Portions and plates in Last Supper paintings keep growing

The size of food portions and plates in more than four dozen depictions of the Last Supper -- painted over the past 1,000 years -- have gradually gotten bigger and bigger, according to a Cornell study published in The International Journal of Obesity (April, online March 23), a peer-reviewed publication.

The finding suggests that the phenomenon of serving bigger portions on bigger plates -- which pushes people to overeat -- has occurred gradually over the millennium, says Brian Wansink, the John S. Dyson Professor of Marketing and of Applied Economics and director of the Cornell Food and Brand Lab.

"We took the 52 most famous paintings of the Last Supper and analyzed the size of the entrées, bread and plates, relative to the size of Christ's head," said Wansink.
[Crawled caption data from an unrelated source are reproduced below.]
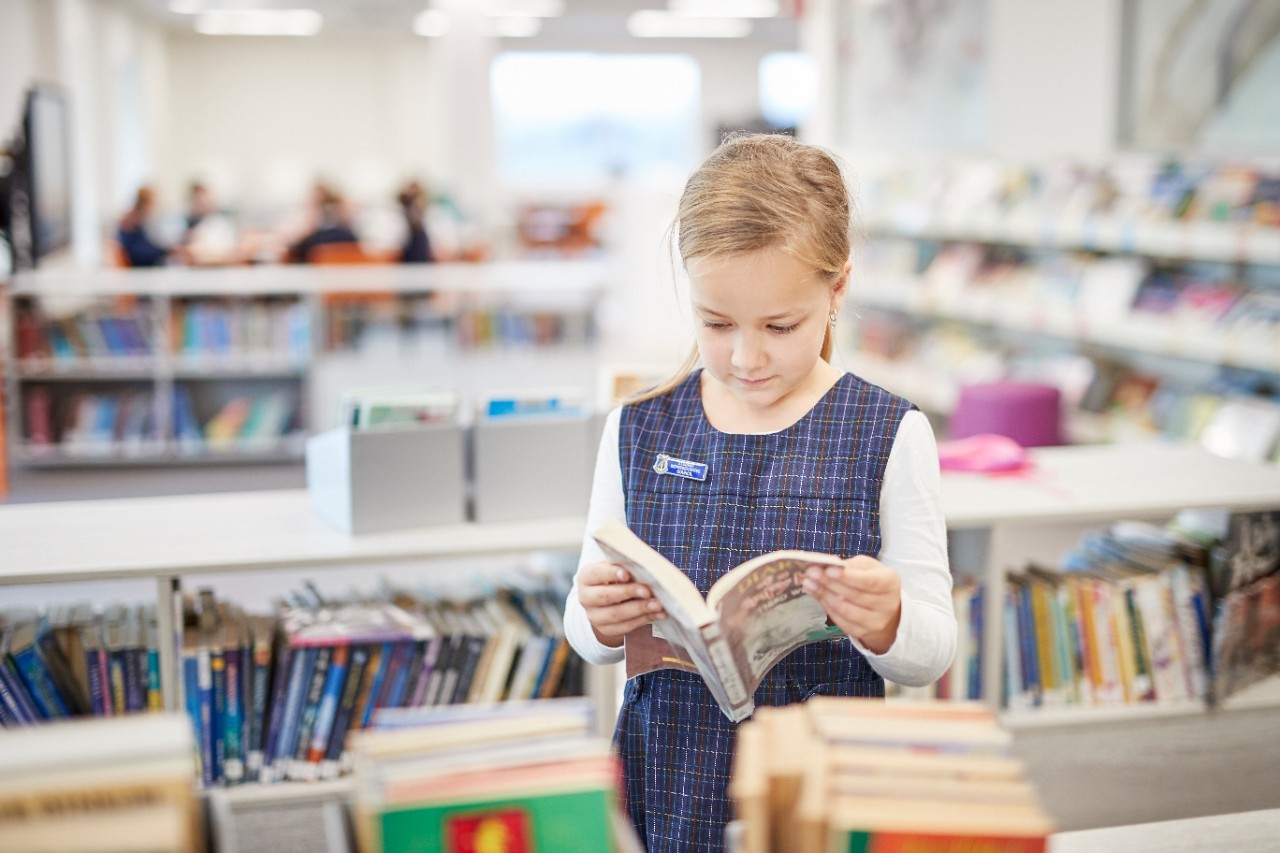 A young girl standing in a library reading a book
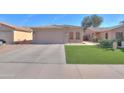 Charming single-story home featuring a two-car garage and well-maintained artificial lawn at 43935 W Sagebrush Trl, Maricopa, AZ 85138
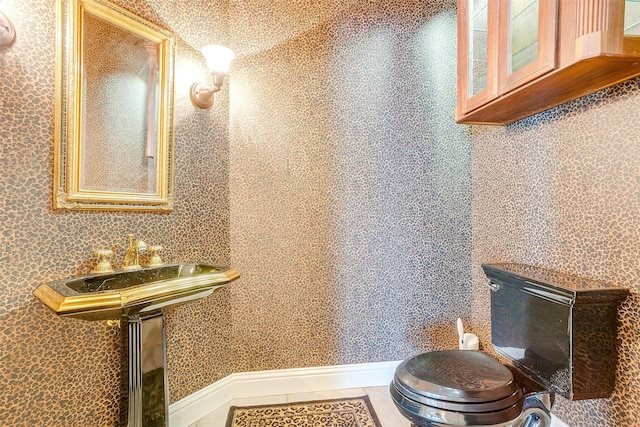 bathroom featuring tile flooring and toilet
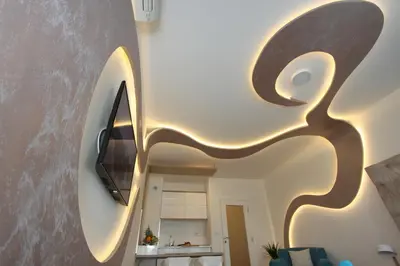 a living room with a tv on a wall at Riviera 2 New Belgrade studio apartment, parking 5 evra dan in Belgrade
The study found that the size of the entrées in paintings of the Last Supper, which according to the New Testament occurred during a Passover evening, has progressively grown 69 percent; plate size has increased 66 percent and bread size by about 23 percent, over the past millennium.
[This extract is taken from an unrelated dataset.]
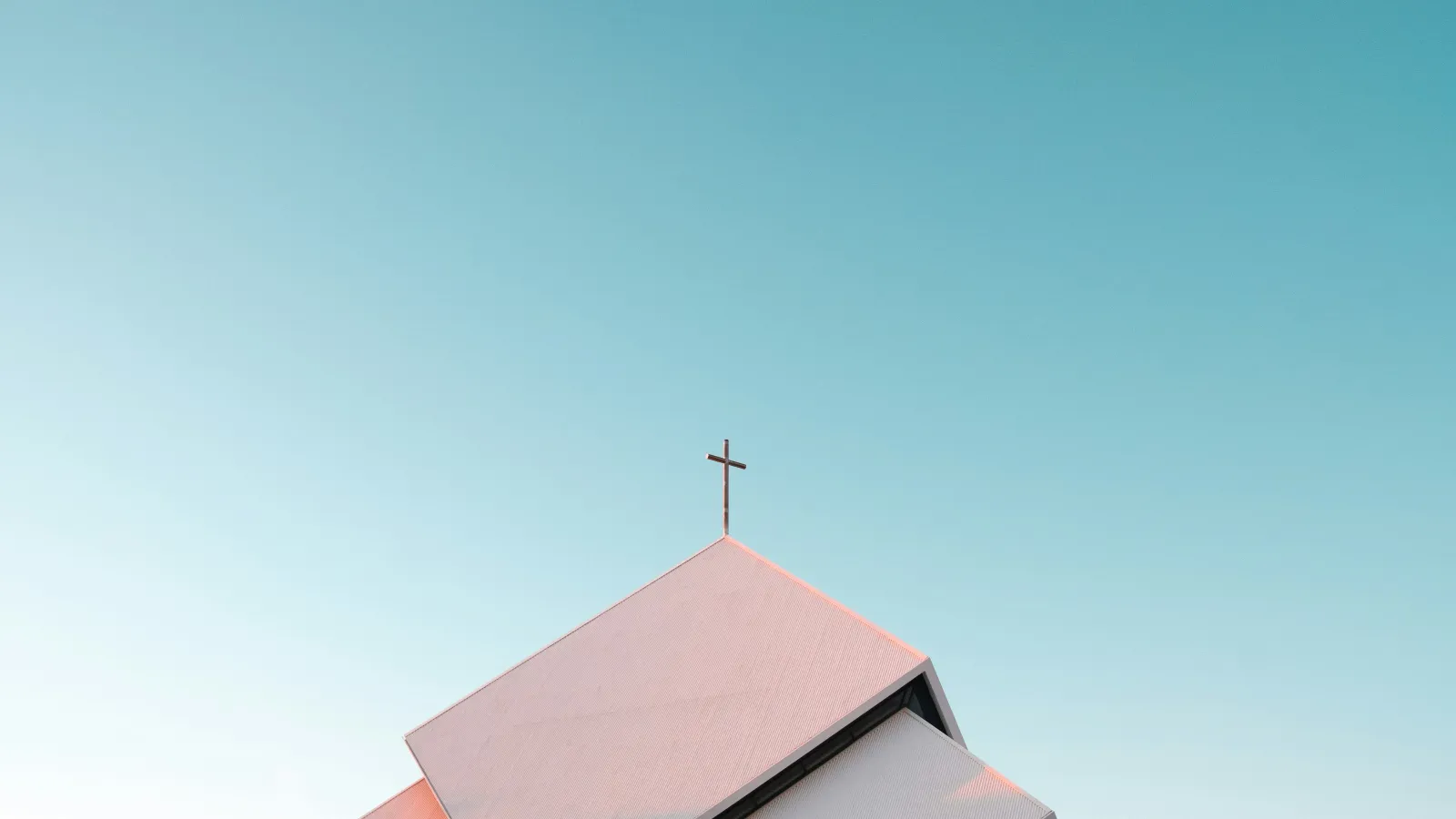 Modern church building with angular roof and cross against clear blue sky at sunset.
The research was conducted with Wansink's brother, Craig Wansink, professor of religious studies at Virginia Wesleyan College, Norfolk, Va., and an ordained Presbyterian minister.
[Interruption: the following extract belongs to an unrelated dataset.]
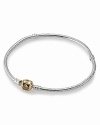Mixed metals look chic on Pandora's sterling silver bracelet with a 14K gold signature clasp.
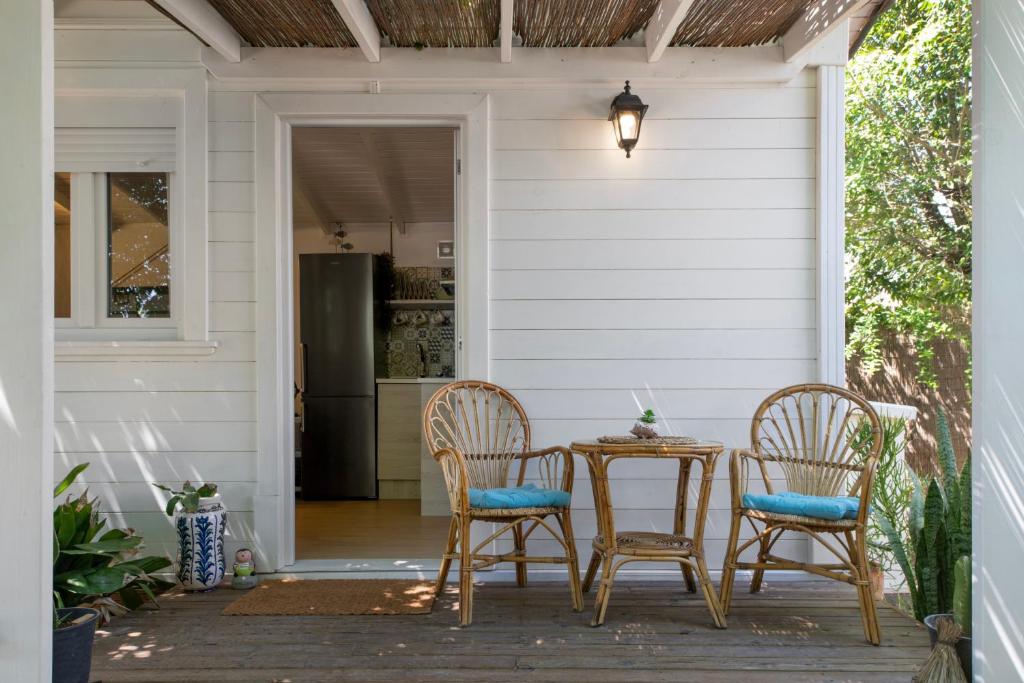 a porch with a table and chairs and a refrigerator at Tiny House La Loma in Barbate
Computer-aided design technology allowed images in the paintings to be scanned, rotated and calculated regardless of their orientation in the painting. The researchers started with the assumption that the average width of the bread is twice the width of the average disciple's head.

"The last thousand years have witnessed dramatic increases in the production, availability, safety, abundance and affordability of food," said Cornell's Wansink, author of "Mindless Eating: Why We Eat More Than We Think." "We think that as art imitates life, these changes have been reflected in paintings of history's most famous dinner."